We do not have to shift blame to past traumatic experiences in order to be a biblical emphathizer, encourager, and hope-giver. It is not blame-shifting to recognize the biblical truth that being sinned against causes pain (2 Samuel 13, the lament Psalms, etc.). It is not blame-shifting to empathize with, console, and comfort our suffering parishioners and spiritual friends.
Our Calling to a Fuller Shepherding Response
Given the climate in which they lived, pioneers of the return to biblical counseling saw suffering as an occasion for revealing either faithfulness or sinfulness. That much we can applaud.
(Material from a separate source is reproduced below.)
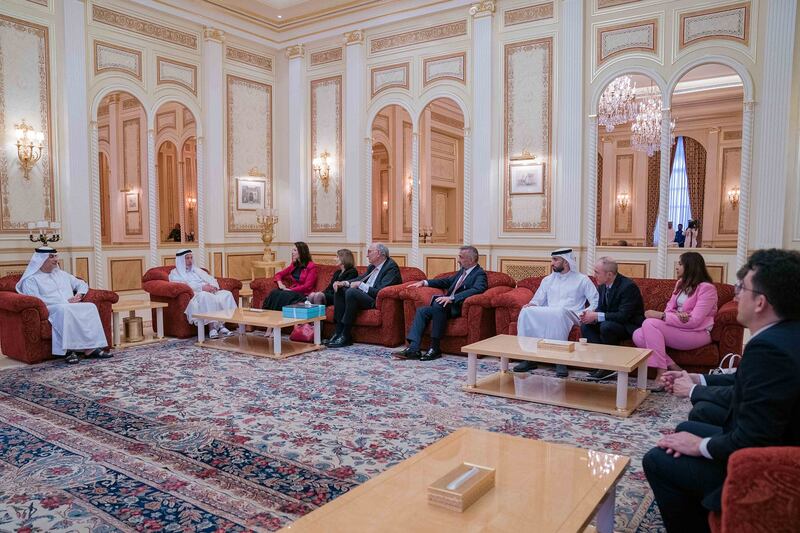 Sheikh Dr Sultan bin Muhammad Al Qasimi, Ruler of Sharjah, met with a delegation from Beeah Group, Mass General Brigham Hospitals Network and Dana-Farber Cancer Institute.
Their response, however, was primarily one-dimensional. They exhorted moral responsibility through the directive teaching of biblical principles. They viewed suffering exclusively as an occasion to warn against sinning. They explored suffering chiefly to discover sinful responses, to determine what responses would be morally appropriate, and to exhort such morally appropriate actions and behaviors.
However, the Bible and Church history demand a much fuller shepherding response to suffering and sufferers. It includes, but is not limited to:
1. Weeping with those who weep (Romans 12:15).
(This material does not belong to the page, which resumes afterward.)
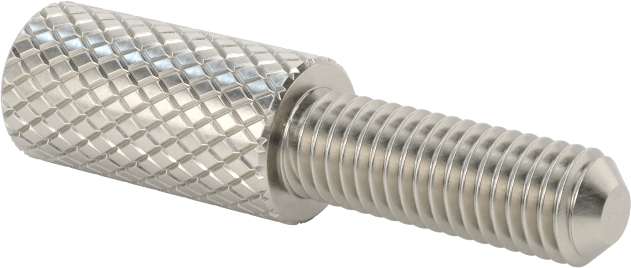 Tırtıllı Başlı Parmak Vidası, Dar, 8-40 Diş Boyutu, 1/2" Uzunluk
2. Comforting those who hurt (2 Corinthians 1:3-11 and over 100 occurrences in the New Testament of parakaleo—comfort and encouragement).
3. Sharing not only Scriptures but our very own souls—our selves—relational connection (1 Thessalonians 2:8).
4. Relating with the mutual care modeled within the Trinity (John 1, John 17).
5. Bearing one another’s burdens (Galatians 6:1-4).
6. Encouraging one another and scores of other compassionate “one another” passages.
7. Sustaining empathy and compassionate commiseration (the opposite of Job’s miserable counselors—Job 3-42) modeled by the Church Fathers, the Reformers, the Puritans, women throughout Church history, African American soul care-givers, etc.
8. The collaborative application of Scripture emphasizing the use of passages such as the Psalms of Lament in a consolatory manner as Martin Luther and countless heroes of the faith did.
9. The healing permission to and encouragement to grieve as those who have hope (1 Thessalonians 4:13).
It is simply not biblical enough to say, “Oh, of course we deal with suffering,” and then to “deal with it” simply by exhortation to moral behavior. Such is not a comprehensive, compassionate, biblical, historical shepherding response.
Where Do We Go From Here?
In subsequent posts, we’ll consider why, though acknowledging suffering, it became an underdeveloped element of biblical counseling, and why such counseling became private preaching with a moralistic, non-relational, directive bent.
Theological perspectives, personality issues, preaching training, and views of the image of God all combined with the historical setting to “set up” early biblical counseling for movement away from the Church’s historic practice and the Bible’s comprehensive focus on both sustaining and healing for suffering and reconciling and guiding for sinning.